== Work instructions ==
Each entry should be printed exactly, with its images omitted.

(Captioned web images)
= Beginning of Section =
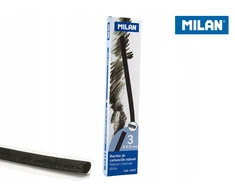 Bez Marki RYSUNKOWY Węgiel PROFESJONALNY do RYSOWANIA Rinkinys 6-8mm 3 sztuki - Milan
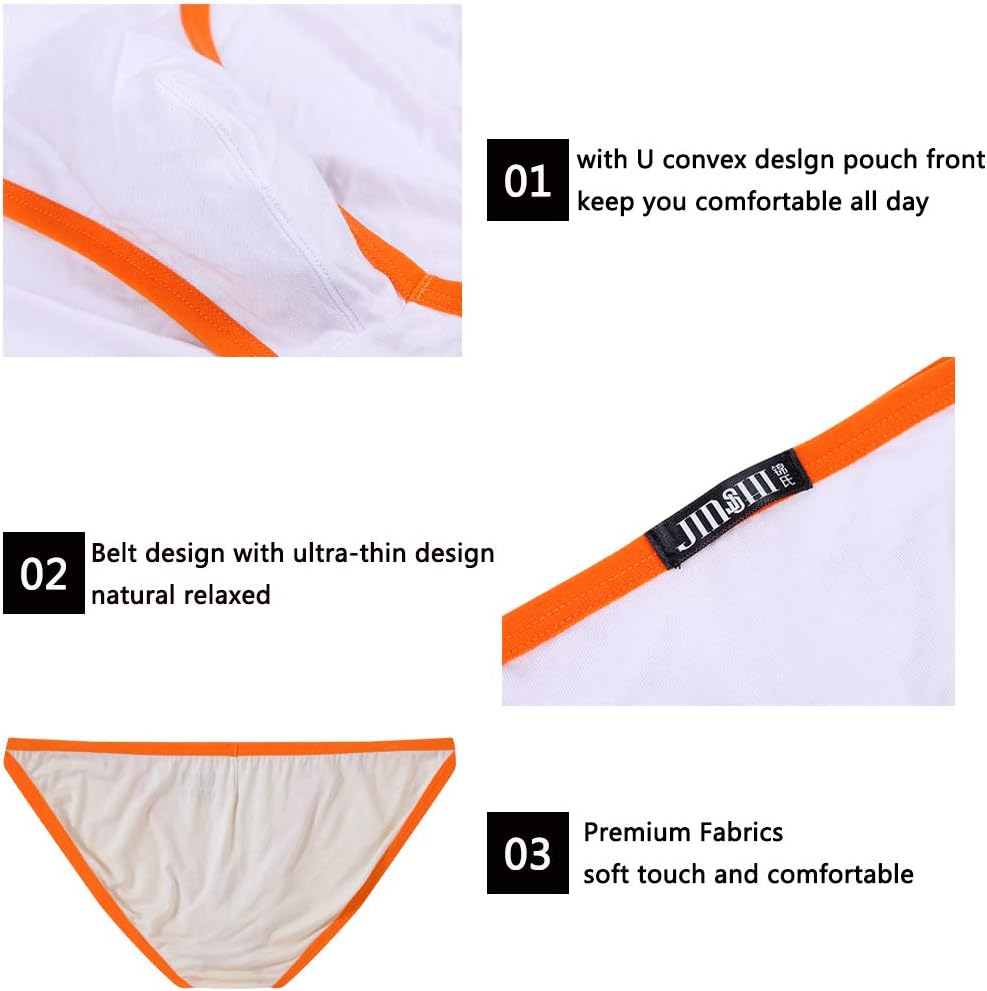 JINSHI Bikini Briefs Men Underwear Comfortable Sexy String Underpants - Image 4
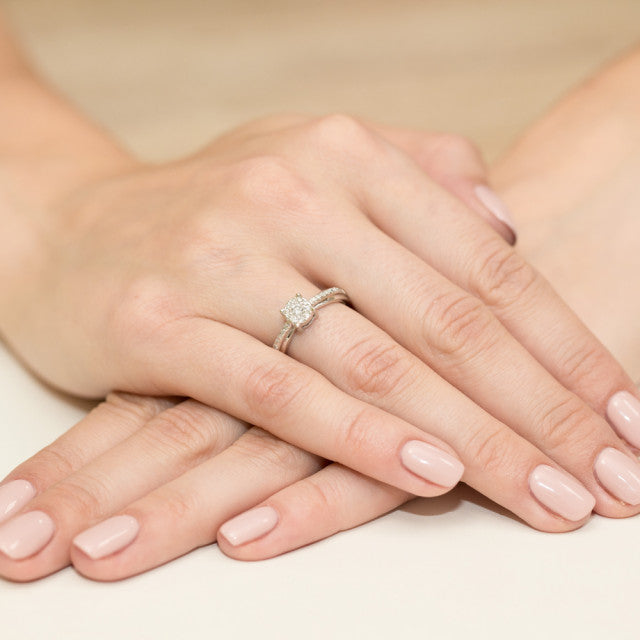 Inel Aur 14K cu Diamante Naturale 0.26 ct, imaginea 7 din 10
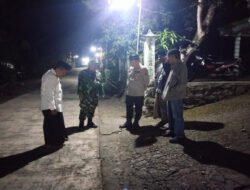 Serka Puryanto Bekali Linmas dan Lanjut Patroli Malam, Wujud Nyata Sinergi Menjaga Keamanan Kismantoro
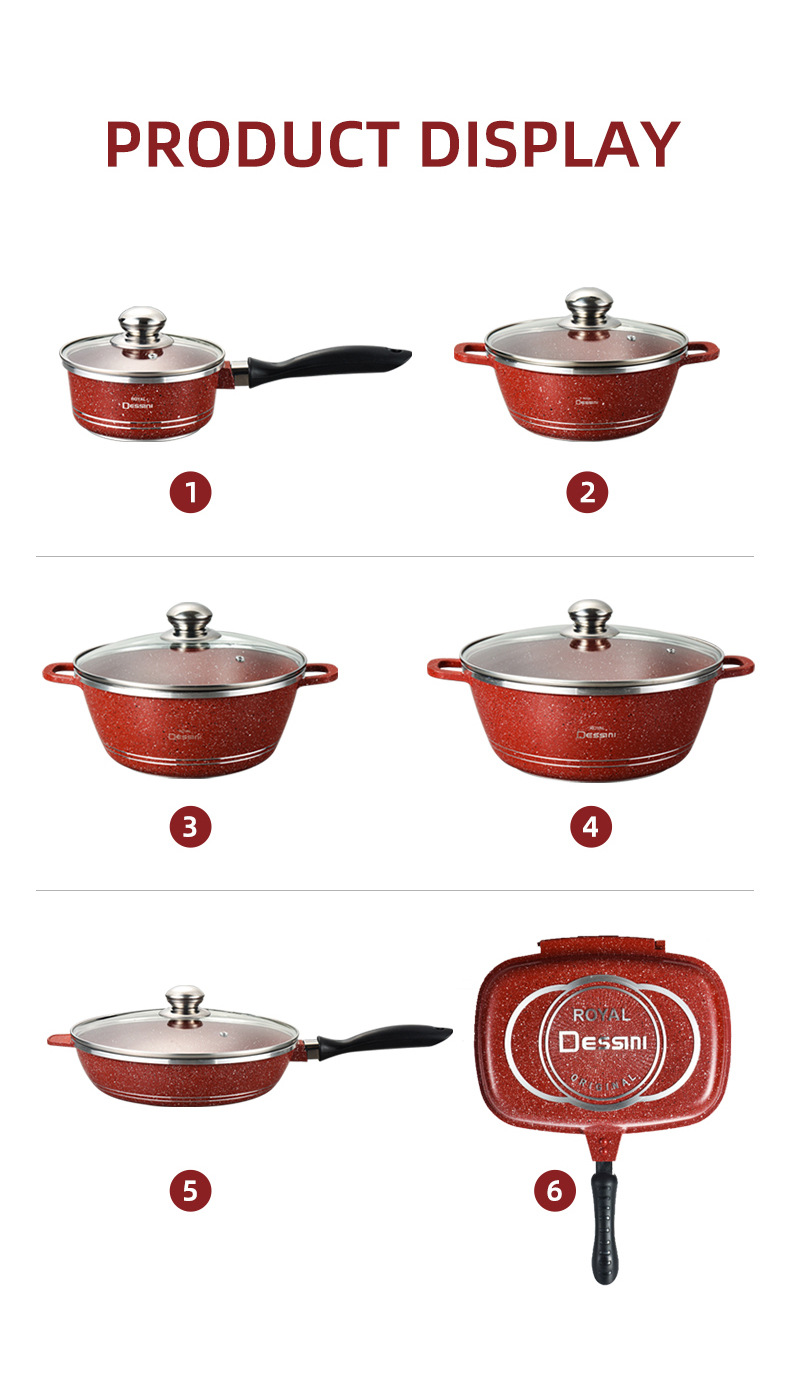 High Quality 23-Piece Cookware Set with Detachable Handle Cartoon Design Versatile Pots and Pans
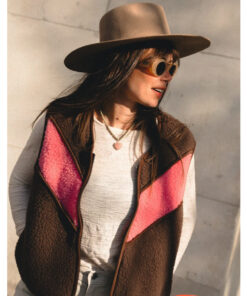 Alwero - Bodywarmer "TIDE" , Merinowolle, Choco Martini/Bubble Gum, ultra light mit Seitentaschen - LIMITED EDITION – Bild 4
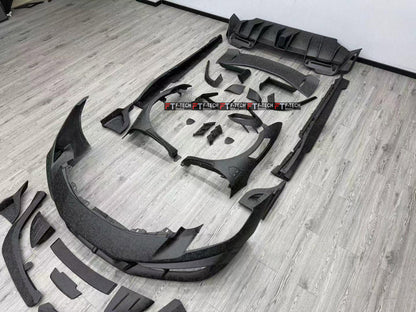 Matte Forged Carbon Body Kit Fit Ferrari 296 GTB 2022 - 2025 Mansory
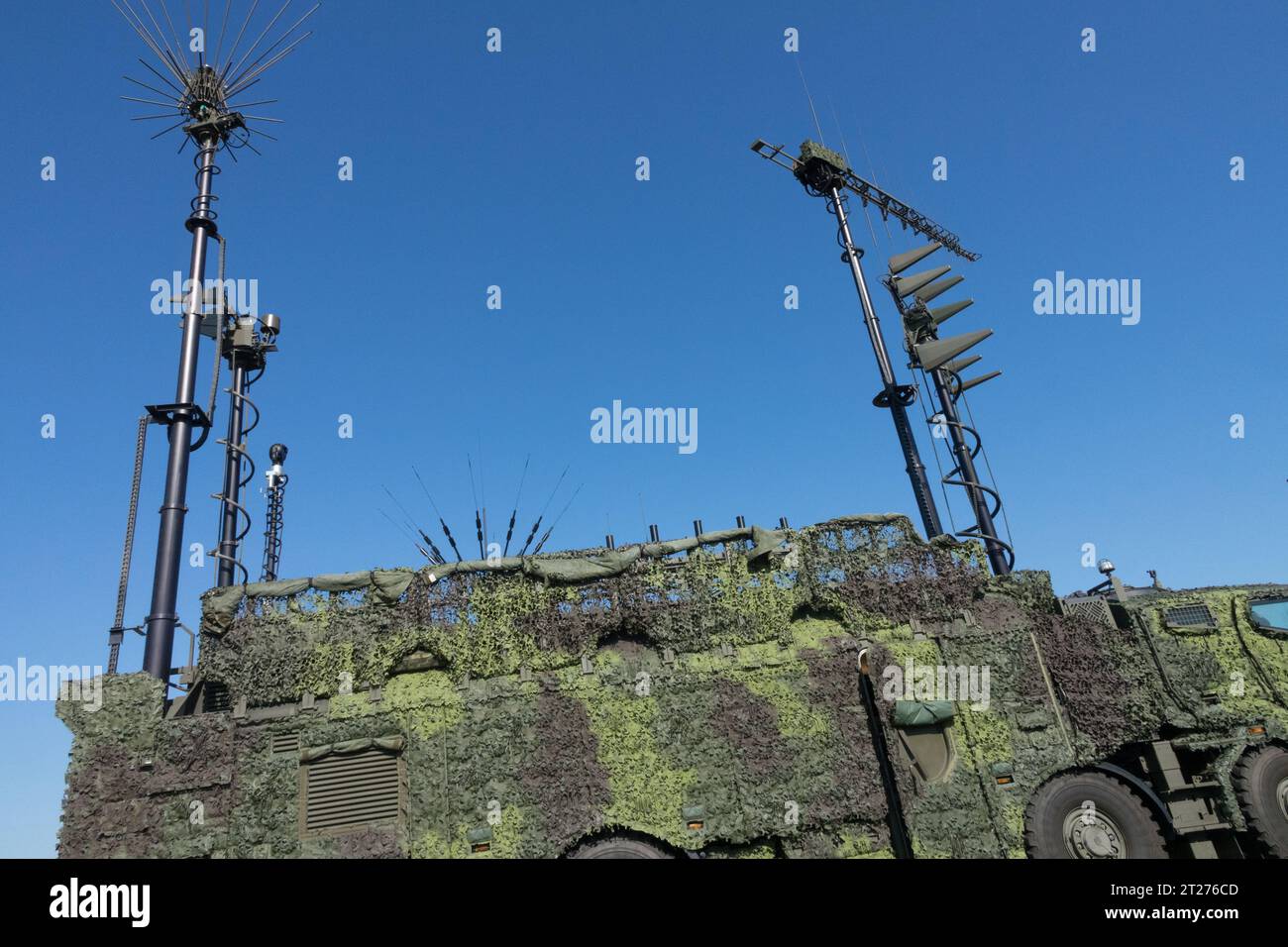 STARKOM guerre électronique blindée, militaire, brouilleurs, guerre électronique, GE, brouilleur de communication tactique, antennes, équipement de l'armée tchèque Banque D'Images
= End of Section =
== Output of the task ==
 Bez Marki RYSUNKOWY Węgiel PROFESJONALNY do RYSOWANIA Rinkinys 6-8mm 3 sztuki - Milan
 JINSHI Bikini Briefs Men Underwear Comfortable Sexy String Underpants - Image 4
 Inel Aur 14K cu Diamante Naturale 0.26 ct, imaginea 7 din 10
 Serka Puryanto Bekali Linmas dan Lanjut Patroli Malam, Wujud Nyata Sinergi Menjaga Keamanan Kismantoro
 High Quality 23-Piece Cookware Set with Detachable Handle Cartoon Design Versatile Pots and Pans
 Alwero - Bodywarmer "TIDE" , Merinowolle, Choco Martini/Bubble Gum, ultra light mit Seitentaschen - LIMITED EDITION – Bild 4
 Matte Forged Carbon Body Kit Fit Ferrari 296 GTB 2022 - 2025 Mansory
 STARKOM guerre électronique blindée, militaire, brouilleurs, guerre électronique, GE, brouilleur de communication tactique, antennes, équipement de l'armée tchèque Banque D'Images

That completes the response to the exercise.